He ended up cheating on me and broke up with me when I returned home for the summer. I really regretted not dating some of the guys that I had met at college. I would redo it all again if I had the choice.

I agree. My hometown bf and I did long distance for a year, and I ended up transferring for him, across the country. Dated for another year and still had problems, broke up, and then found out he was cheating on me while we did long distance freshman year anyway.

Having said that, I still think transferring was a positive experience, and I may have never met DH otherwise.

I also agree that not offering an opinion is a very good thing at this point. Both my parents and his tried to get us to break up, and it just made me even more determined to try and make it work.
 
Well, I went to college in NY while DH was in FL for 2 years. He then moved here and went to college a little over an hour away for the other 2 years. It worked out for us and we are happily married with 3 kids, but most of the people I heard of in college that had long distance relationships did not work out.

If you think the guy is decent, I see no reason to discourage the relationship. I would, however, emphasize the importance of making friends/being involved at college. She can certainly still have the long distance relationship and a good college experience. But, it there are jealousy issues (he doesn't want her spending time with friends because he doesn't want her to cheat) or she just spends all her time devoted to finding time to spend with him, she may have some problems.
 
I started dating a guy in May right before I graduated high school.
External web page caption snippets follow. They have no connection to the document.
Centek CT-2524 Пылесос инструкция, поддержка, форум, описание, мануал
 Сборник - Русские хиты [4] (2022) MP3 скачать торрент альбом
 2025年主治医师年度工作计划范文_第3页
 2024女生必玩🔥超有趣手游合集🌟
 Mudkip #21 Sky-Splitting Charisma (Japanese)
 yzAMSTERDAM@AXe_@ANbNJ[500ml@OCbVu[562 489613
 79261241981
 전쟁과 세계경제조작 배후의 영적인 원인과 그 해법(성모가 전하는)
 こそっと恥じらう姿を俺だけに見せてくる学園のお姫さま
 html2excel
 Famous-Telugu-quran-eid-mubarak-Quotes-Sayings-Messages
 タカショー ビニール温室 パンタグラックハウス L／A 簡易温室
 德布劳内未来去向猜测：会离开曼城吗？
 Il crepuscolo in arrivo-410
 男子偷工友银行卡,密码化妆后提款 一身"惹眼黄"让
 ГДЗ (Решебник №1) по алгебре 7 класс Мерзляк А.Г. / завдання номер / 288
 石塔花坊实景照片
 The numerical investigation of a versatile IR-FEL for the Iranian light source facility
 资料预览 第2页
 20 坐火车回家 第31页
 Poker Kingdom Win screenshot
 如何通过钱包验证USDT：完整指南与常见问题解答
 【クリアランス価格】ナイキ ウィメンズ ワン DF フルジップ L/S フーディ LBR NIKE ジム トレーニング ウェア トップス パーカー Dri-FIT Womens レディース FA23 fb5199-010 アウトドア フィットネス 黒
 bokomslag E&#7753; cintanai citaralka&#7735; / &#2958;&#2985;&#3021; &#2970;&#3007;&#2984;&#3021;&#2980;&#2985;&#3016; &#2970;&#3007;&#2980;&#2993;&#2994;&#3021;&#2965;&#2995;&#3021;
I dated him all through the summer and then left in September to go to college over 300 miles away. It was hard but we stayed together! We were married in January 2008. We'll be married for a year in January 2009 and are expecting our first little girl January 2, 2009.
 
I started dating my GF just 5 months before going to college 100 miles away. She was 1 year my junior. During this 1st year at college I managed to get back to my home town just once every 6 weeks.

In my second year my GF attended a college just 20 miles from mine and we saw each other every third week.

After I graduated, I came back to my home town and started work. I saw my lovely GF once per month. I worked solid for two years to save a deposit for a house. I had one suit, one pair of jeans, one pair of casual trousers and about 5 shirts, 1 pair work shoes and 1 pair sneakers. We bought a house, got married, moved in.

We just celebrated our silver wedding anniversary.....yep 25 years married and 30 years together.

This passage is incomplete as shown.